By 2003, we will reduce PTO processing time, or cycle time, for original UPR patents to 12 months from the time we receive an application to the time when we issue the patent or the inventor abandons the application. We committed to achieving this goal following our designation as a High-Impact Agency (HIA).

Although we are working toward processing all patents within 12 months, we expected cycle time to rise slightly in FY 1998 as a result of the increasing number of patent applications and the shortage of trained examiners. Actual cycle time increased only slightly more than anticipated.

The number of patent applications received increased 26 percent from 1993 through 1997, but the number of patent examiners increased only 17 percent over the same period. Backlogs increased, as did the complexity of patent applications. To help attack the problems of unacceptable cycle time, we hired 732 patent examiners this year. By the end of FY 1999 these new examiners will be working at full capacity and we expect to process 75 percent of inventions in 12 months or less, with an average cycle time of 10.9 months. We plan to hire at least 700 more examiners during FY 1999.

In another major step toward achieving our long-term goal, we reduced the backlog of patent applications in the pre-examination area.

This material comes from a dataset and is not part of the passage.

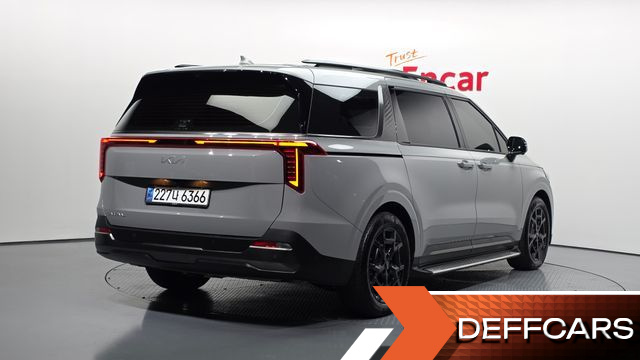 Kia CARNIVAL Gasoline 9-Seater Gravity купить на сайте DeffCars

Filing receipts were mailed to customers and applications delivered to the examining corps in an average of 29 days, an improvement of over three and a half months from the beginning of the year.

In addition, we are improving our efficiency by making direct contact early with customers to anticipate and resolve potential problems with their applications. We also plan to improve our patents publication process to reduce the time between the allowance of an application and the granting of the patent from 4.3 months at the end of FY 1998 to one month by the end of FY 1999.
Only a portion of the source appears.